経営理論を自社に応用するための変換ツール
「マンダラチャートには何でも載せることができるのですね!」
・・・と驚き顔で話すのは、とある会社の社長。
この社長、大手銀行が主催する戦略論の勉強会に、幹部と一緒に出るようになりました。講義は面白いのですが、何をどのように自社に取り入れたらいいのか、悩んでいるとのことです。
「いやあ、でも難しいですねぇ・・・戦略論」
と、しきりに嘆きます。
・・・無理もありません。現在のところある特定の会社にマッチした戦略論の体系はありません。あるものは一般化しすぎていたり、またあるものは特殊化しすぎていたりして、そのままでは自社で採用することができないことも多いのです。
「勉強不足ですかねぇ」
と社長がボヤきます。
「そんなことはありませんよ。よく勉強されているじゃないですか」
戦略論を学ぶ上での注意点は、戦略論自体が対立し混乱しているという点です。新しい理論が次々と出現し、中には従来の理論とは「正反対」(たとえば多角化と集中)ものもありますので、戦略論に一歩足を踏み入れると迷路にはまる、ということも多々見受けられることなのです。
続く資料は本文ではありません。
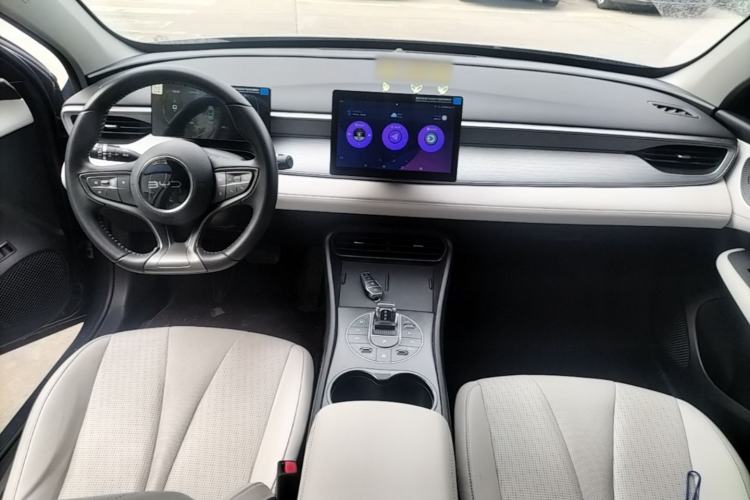Used BYD Seal 05 DM-i 2025 DM-i Smart Drive 55KM Luxury Model Center Console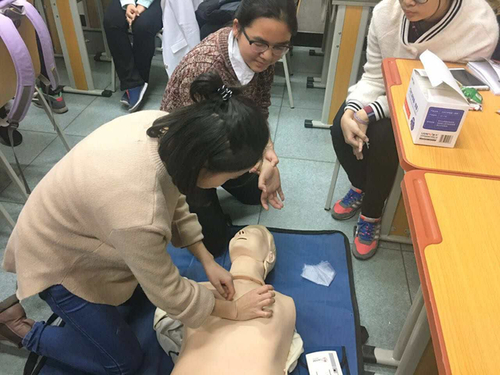 2 练习心肺复苏 2 练习心肺复苏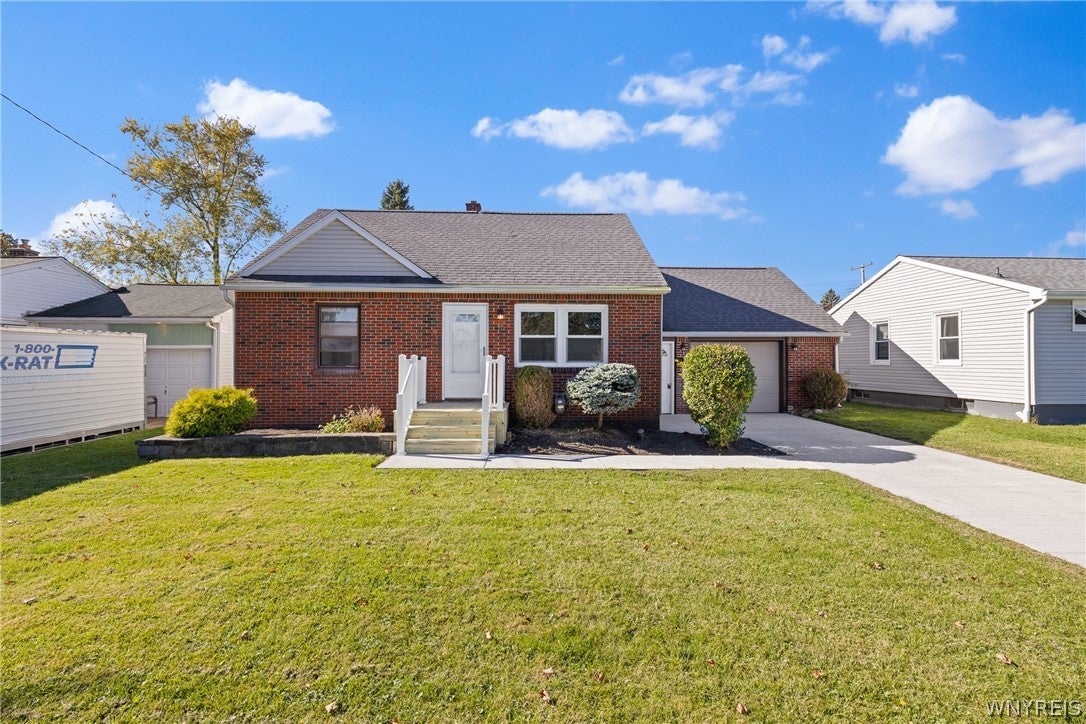 16 Singer Drive — photo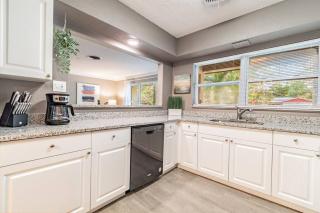 Cozy Pool House for 10 PPL Close to Clearwater - Clearwater - 9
「講義で学んだことを自社の経営にもっと生かしたいのですが・・・・?」
「そうですか・・・それじゃ、せっかく講義を受けているのですから、自社で使えるところ『だけ』をマンダラに落とし込んでみたらどうでしょう」
「・・・『だけ』ですか?」
経営者は理論で食べているのではなく、実戦で食べています。その会社の実戦に役立たない理論は切り捨てることも必要です。
大乗仏教が乗物でしたら経営学はゲタでしょう。ゲタは履いて何ぼのものであり神棚に飾り付けておくものではありません。ゲタ感覚で取捨選択し、履いてみることが必要です。
戦略論経営理論には
「学ぶ経営理論」=「Ready Made」の経営理論」
「自社への応用の経営理論」=「Order Made」の経営理論」
があります。
ここで「Ready Madeの経営理論」というのは、MBAなどで学ぶ、あるいは経営セミナーに出席する、経営に関する本を読む等々、理論としての経営学、あるいは他社で実践された経営の記述をいいます。これはこれで大変おもしろいもので、積極的に学ぶべきでしょう。
戦略論というか経営学は、アイデアの宝庫なのですが主として寡占の進んだアメリカの(超)大企業の成功事例を研究したものです。企業のサイズも違えば、経営環境も違います。中小企業の経営者が経営学を学んでもそのままでは役に立たない場合が多いのです(第一分量が多すぎます)。
また、経営学のセミナーなどで「いい話」を聞いても、会社に戻れば日常業務が待っており、「いい話」を聞いただけで終わってしまうことの方が多いでしょう。
「Ready Madeの経営理論」を自社の実戦で使いものになる「Order Madeの経営理論」に変換するには「変換ツール」が必要です。
マンダラチャートはこの「変換ツール」の役割を果たします(話の流れから当然ですよね・・・・)
マンダラチャートに「いい話」をちょっと書き足すだけで、実行に移される可能性は飛躍的に高ますのです。